• [About this task]: An exact copy of all the data below is needed, without its pictures.

• [Records for this exercise]:
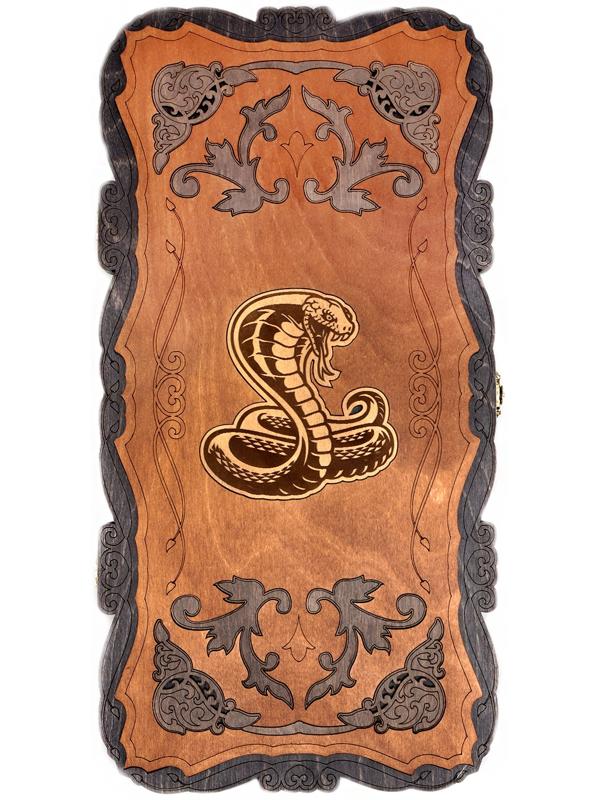 Нарды деревянные большие, настольная игра «Змея», 45×45 см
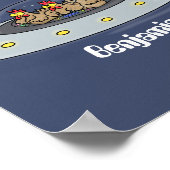 Gewitterhühner im Weltraum - Cartoon Poster (Ecke)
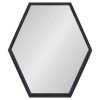 Best reviews of 🤩 26" x 30" Travis Hexagon Wall Mirror - Kate & Laurel All Things Decor Gold ✨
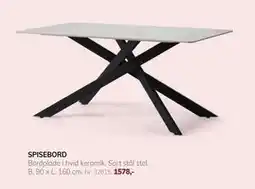 Daells Bolighus SPISEBORD tilbud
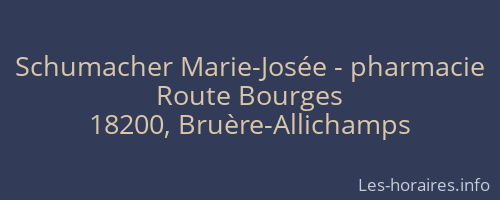 Schumacher Marie-Josée - pharmacie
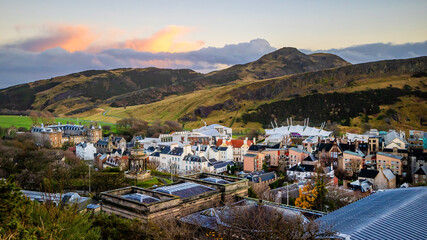 Old town Edinburgh city skyline, Scotland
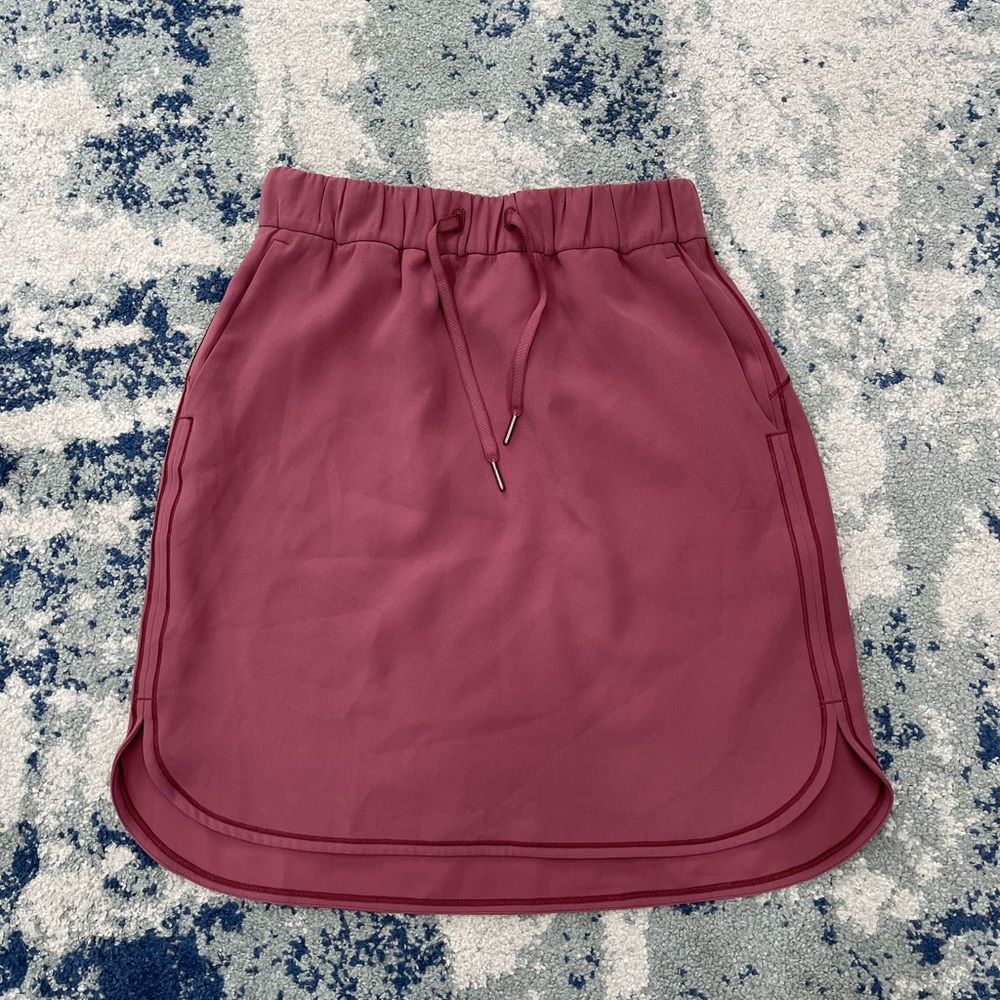 Lululemon On The Fly Skirt With Side Pockets Golf Tennis Gym Woman Size 6
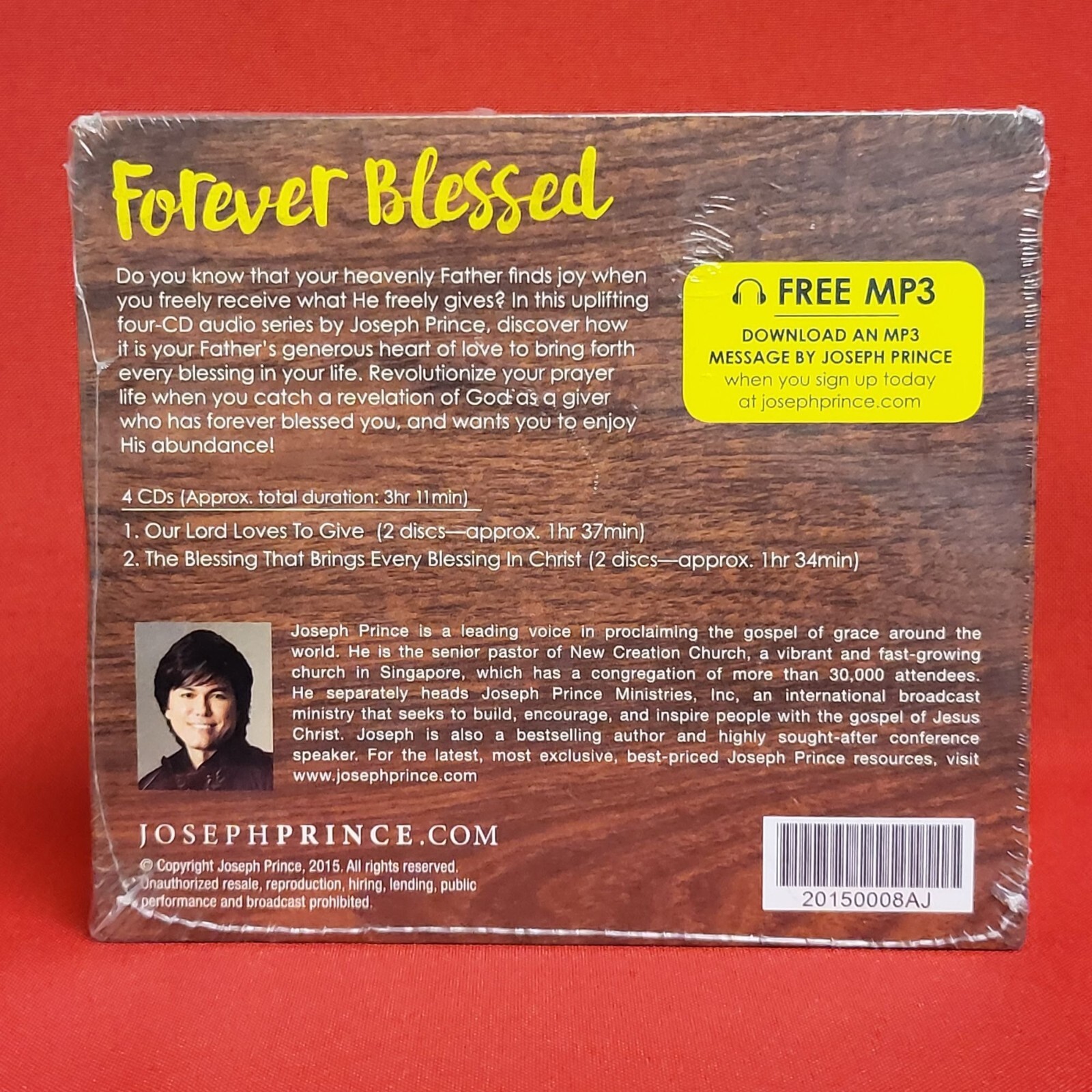 Joseph Prince Forever Blessed 4 Audio CD New Sealed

• [Task solution]:
 Нарды деревянные большие, настольная игра «Змея», 45×45 см
 Gewitterhühner im Weltraum - Cartoon Poster (Ecke)
 Best reviews of 🤩 26" x 30" Travis Hexagon Wall Mirror - Kate & Laurel All Things Decor Gold ✨
 Daells Bolighus SPISEBORD tilbud
 Schumacher Marie-Josée - pharmacie
 Old town Edinburgh city skyline, Scotland
 Lululemon On The Fly Skirt With Side Pockets Golf Tennis Gym Woman Size 6
 Joseph Prince Forever Blessed 4 Audio CD New Sealed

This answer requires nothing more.